Дневник инока

Для нас же отец Вениамин стал больше чем родным.

Удивительно деликатный, утонченный в восприятии эстетического, он никогда не претендовал в обращении с нами на особую приоритетную свою значимость. Напротив, его внешний облик (без видимых в быту признаков сана), его открытость, даже нелицеприятность помогали быстрому сближению, создавали в отношениях настоящую родственность, необыкновенно крепкую и доверительную.

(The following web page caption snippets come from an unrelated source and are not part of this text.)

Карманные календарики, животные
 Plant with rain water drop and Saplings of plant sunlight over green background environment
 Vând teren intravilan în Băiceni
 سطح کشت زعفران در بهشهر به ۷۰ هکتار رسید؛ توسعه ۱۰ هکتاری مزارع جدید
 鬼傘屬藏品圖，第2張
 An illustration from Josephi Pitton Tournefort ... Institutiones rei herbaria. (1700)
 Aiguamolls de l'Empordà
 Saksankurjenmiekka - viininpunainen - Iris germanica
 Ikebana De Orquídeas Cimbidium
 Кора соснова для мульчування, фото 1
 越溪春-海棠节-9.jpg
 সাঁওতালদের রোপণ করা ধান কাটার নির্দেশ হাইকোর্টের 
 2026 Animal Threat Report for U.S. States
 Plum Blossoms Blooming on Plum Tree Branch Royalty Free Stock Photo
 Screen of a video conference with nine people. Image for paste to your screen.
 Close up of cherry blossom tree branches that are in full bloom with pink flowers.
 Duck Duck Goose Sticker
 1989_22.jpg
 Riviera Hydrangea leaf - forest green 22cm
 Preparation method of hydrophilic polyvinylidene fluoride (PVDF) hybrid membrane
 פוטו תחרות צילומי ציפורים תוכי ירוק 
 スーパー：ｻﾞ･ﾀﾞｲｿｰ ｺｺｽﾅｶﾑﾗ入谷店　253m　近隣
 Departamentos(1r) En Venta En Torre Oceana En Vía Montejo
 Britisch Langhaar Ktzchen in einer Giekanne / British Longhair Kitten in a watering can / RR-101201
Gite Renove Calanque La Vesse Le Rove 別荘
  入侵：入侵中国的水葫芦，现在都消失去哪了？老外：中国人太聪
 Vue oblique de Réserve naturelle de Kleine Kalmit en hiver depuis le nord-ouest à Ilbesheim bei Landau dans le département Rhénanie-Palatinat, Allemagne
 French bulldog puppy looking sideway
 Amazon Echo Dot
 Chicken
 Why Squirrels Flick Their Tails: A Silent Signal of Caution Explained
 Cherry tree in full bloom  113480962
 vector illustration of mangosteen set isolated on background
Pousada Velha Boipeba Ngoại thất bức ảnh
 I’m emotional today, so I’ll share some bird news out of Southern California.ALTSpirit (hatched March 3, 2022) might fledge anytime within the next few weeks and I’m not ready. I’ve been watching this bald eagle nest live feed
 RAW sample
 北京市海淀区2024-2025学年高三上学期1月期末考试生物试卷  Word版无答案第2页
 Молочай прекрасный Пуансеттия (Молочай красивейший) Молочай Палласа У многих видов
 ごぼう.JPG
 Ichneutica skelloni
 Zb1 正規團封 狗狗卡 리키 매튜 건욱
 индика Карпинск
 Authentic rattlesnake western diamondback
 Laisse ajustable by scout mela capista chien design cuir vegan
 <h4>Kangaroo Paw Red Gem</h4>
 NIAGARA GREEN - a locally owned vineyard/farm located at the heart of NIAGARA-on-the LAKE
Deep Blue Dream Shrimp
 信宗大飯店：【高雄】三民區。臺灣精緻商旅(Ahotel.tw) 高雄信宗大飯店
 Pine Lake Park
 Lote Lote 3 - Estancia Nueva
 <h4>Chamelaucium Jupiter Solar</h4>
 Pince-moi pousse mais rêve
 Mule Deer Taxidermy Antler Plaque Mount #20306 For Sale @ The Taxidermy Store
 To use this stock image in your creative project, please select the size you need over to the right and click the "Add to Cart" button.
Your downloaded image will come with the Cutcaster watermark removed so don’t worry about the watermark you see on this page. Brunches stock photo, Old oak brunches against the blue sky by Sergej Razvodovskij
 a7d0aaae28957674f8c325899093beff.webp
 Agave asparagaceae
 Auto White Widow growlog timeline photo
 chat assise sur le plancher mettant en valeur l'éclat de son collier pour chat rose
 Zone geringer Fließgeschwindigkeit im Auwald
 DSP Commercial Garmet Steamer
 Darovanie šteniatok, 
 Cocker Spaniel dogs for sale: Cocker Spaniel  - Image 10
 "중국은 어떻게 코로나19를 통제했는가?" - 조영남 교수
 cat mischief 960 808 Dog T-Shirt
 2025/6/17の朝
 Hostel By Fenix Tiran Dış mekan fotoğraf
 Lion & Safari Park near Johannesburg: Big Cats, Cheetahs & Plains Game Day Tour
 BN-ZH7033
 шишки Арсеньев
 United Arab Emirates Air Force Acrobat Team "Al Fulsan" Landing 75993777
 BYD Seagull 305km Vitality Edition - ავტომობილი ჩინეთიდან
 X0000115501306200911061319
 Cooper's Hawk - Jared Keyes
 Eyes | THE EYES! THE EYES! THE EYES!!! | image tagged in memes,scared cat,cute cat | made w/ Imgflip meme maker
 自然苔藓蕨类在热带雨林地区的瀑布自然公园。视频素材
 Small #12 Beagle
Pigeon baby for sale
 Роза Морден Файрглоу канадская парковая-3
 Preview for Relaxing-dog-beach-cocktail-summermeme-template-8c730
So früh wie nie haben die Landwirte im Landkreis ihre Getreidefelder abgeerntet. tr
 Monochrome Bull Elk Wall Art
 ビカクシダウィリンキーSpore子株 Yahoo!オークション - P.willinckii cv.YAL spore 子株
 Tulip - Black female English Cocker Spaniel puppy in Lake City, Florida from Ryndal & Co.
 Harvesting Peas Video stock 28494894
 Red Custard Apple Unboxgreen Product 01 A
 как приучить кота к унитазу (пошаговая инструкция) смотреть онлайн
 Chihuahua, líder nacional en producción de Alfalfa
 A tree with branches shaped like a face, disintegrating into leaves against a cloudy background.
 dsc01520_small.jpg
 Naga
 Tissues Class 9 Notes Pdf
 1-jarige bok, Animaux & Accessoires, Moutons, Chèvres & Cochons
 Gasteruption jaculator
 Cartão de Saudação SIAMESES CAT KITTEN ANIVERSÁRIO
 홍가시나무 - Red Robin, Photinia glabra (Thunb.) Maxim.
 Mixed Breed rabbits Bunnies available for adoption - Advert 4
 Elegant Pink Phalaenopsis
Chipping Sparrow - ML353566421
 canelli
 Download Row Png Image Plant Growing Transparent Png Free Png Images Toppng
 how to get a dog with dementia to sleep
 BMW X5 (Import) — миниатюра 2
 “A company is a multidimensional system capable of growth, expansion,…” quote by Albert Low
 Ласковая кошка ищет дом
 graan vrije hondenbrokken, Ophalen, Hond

В жизни отец Вениамин был прост, аскетически строг, но не опрощен. За обедом, например, предпочитал гречневую кашу или горох. Но рядом с его прибором обязательно лежала белая полотняная салфетка, вложенная, как ей и подобает, в кольцо. Спал он на маленькой кушетке, вероятно, с трудом на ней помещаясь. Вспоминаю, забегая вперед, рассказ жены старосты Ильинской церкви в Сергиевом Посаде Анны Петровны Сарафановой. При открытии Лавры в 1946 году особой заботой было расселение монахов по квартирам, так как в Лавре первое время условий для жизни не было. Ей удалось снять комнату и для отца Вениамина: маленькую, уютную, с хорошей удобной кроватью. Хозяйка умилялась на нового жильца, как тот аккуратно стелет постель, пока не поняла, что спал‑то он на полу. Батюшка предпочитал скрывать строгость своего аскетизма. Но когда работал — писал напряженно богословские труды, — ему хотелось, чтобы под ногами был толстый ковер. Также в одежде своей он был тщательно убран, чист и изящен. Впоследствии, уже в Лавре, меня не переставало поражать изящество его облика. Само слово"изящный"батюшка произносил с особым ударением (например, при чтении акафиста Преподобному Сергию). И я чувствовал, что оно имело для него не внешнее значение, но было символом ангельской чистоты и гармонии.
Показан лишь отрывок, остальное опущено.